That was such a bad idea, but for the first time in a very long time, I laughed ridiculously hard with Mi. YouTube has a video for everything. I wouldn’t suggest it for learning how to drive a stick though. Despite the fact that we almost met him face to face, I laughed so hard I cried. Literally. Mi had just moved the car into first instead of fourth and we both took nose dives toward the dash. My hysterically laughing switched like a light. Emotions flooded from my soul and cried.

“Ahhh, honey. It’s okay. We’re going to figure this all out. I promise, and I’m going to help you get that little boy. Please don’t cry. It’s really a horrible emotion. You have to be stronger than that one. Change the way you look at things and the things you look at will change. It’ll work out.”

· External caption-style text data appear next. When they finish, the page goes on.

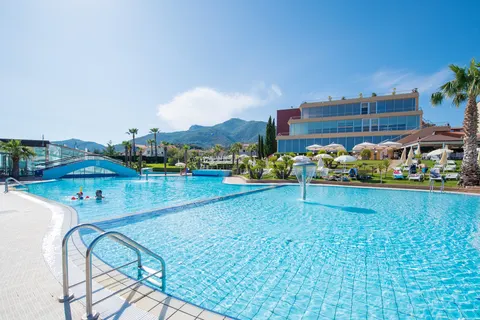 Loano 2 Village foto 1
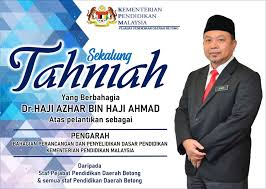 Pertama, autonomy, artinya member kesadaran, pengetahuan, dan kemampuan yang prima kepada setiap individu dan kelompok. Buletin Ppd Betong Sekalung Tahniah Kepada Yang Berbahagia Dr Haji Azhar Bin Haji Ahmad Atas Pelantikan Sebagai Pengarah Bahagian Perancangan Dan Penyelidikan Dasar Pendidikan Kementerian Pendidikan Malaysia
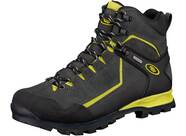 Vorschau: BRÜTTING Herren Bergstiefel Outdoorstiefel Mount Brandon High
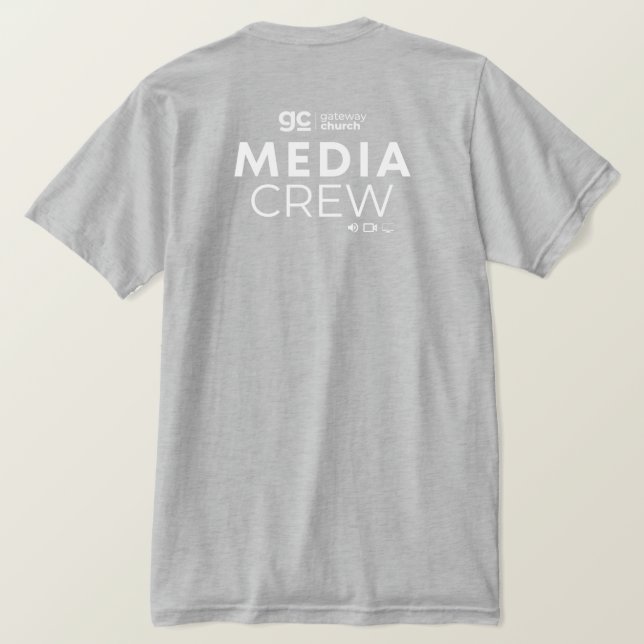 [Clove]★Crew Graphic T-shirt Graphic Boxy T-shirt - Black | Levi's® US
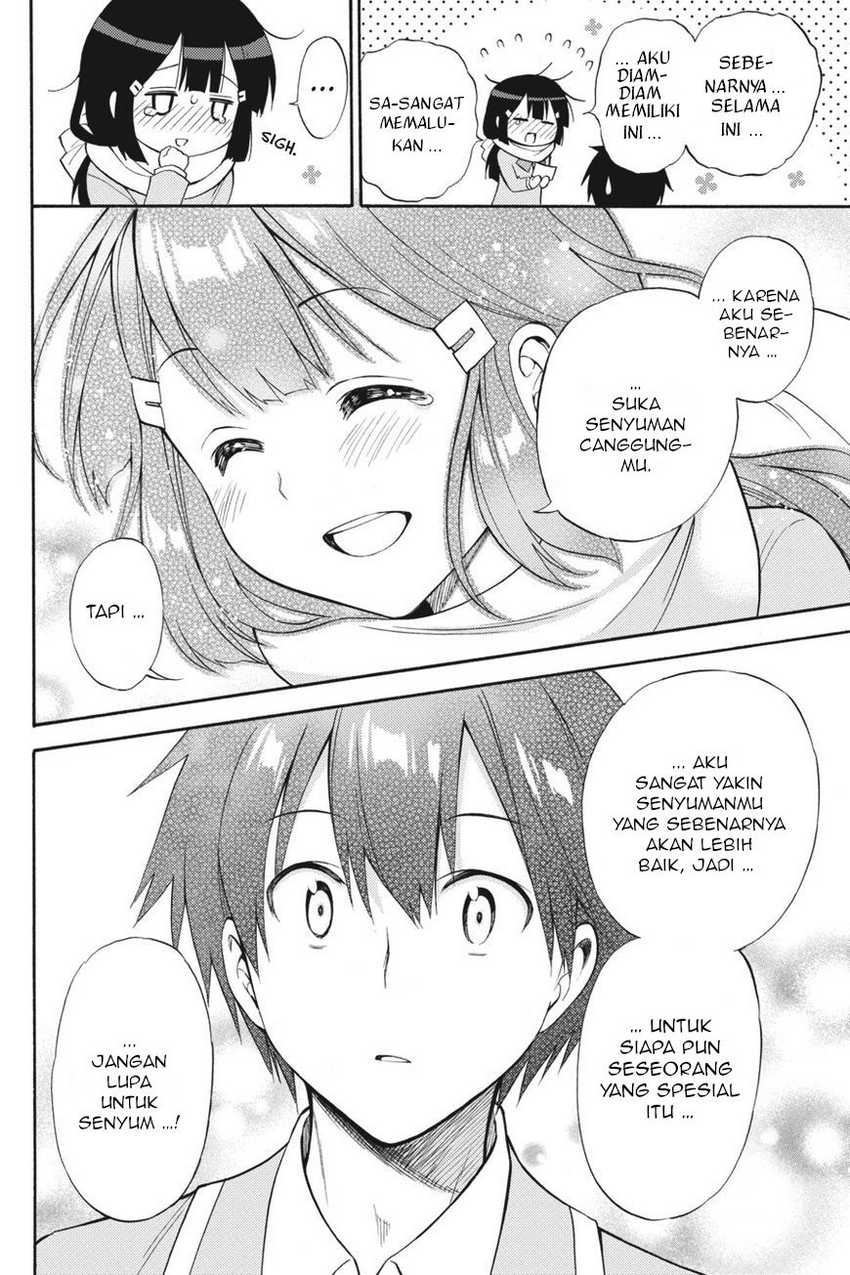 Chapter 55 - halaman 40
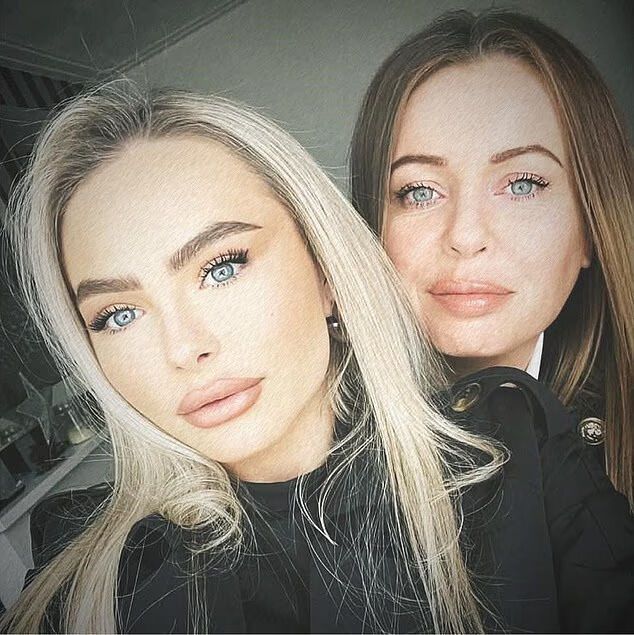 Британскую студентку приговорили к пожизненному заключению в Дубае за "очень глупую ошибку": что известно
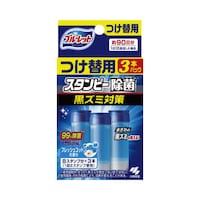�a�k�X�^���s�[���ی��ʃv���X�@�e�R�b�g���@�ց@�t�֗p�@�P���i�R�{���j�@�Q�O�T�U�V�X�O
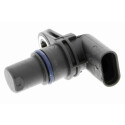 Sensor, posição do commando de válvulas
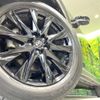 mazda cx-8 2020 quick_quick_KG5P_KG5P-250255 image 13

“That’s easy for you to say. You can spit positive energy all you want, and it’s still not going to change the fact, my life is fucked. Lane was right. This is like box office worthy. I bet I could call up the Lifetime Network and sell them my story for millions of dollars. I don’t see a light at the end of the tunnel like you do. It’s dark. It’s so fucking dark and I can’t see anything. I have all these questions and zero answers.”

“Turn here,” Mi said, her tone not changing a bit. She could have run over a bunny and smiled about it. “See, that’s where you’re wrong. You’ve learned a lot today. Look at the answers you found. Plus I think you found the only reason you need to keep going. Do you really want all the answers at once? Can you handle that? I think you should just hand it over to the universe and let God decide when it’s enough. In the meantime, this whole sad attitude is depressing me, you need an aloe vera plant.”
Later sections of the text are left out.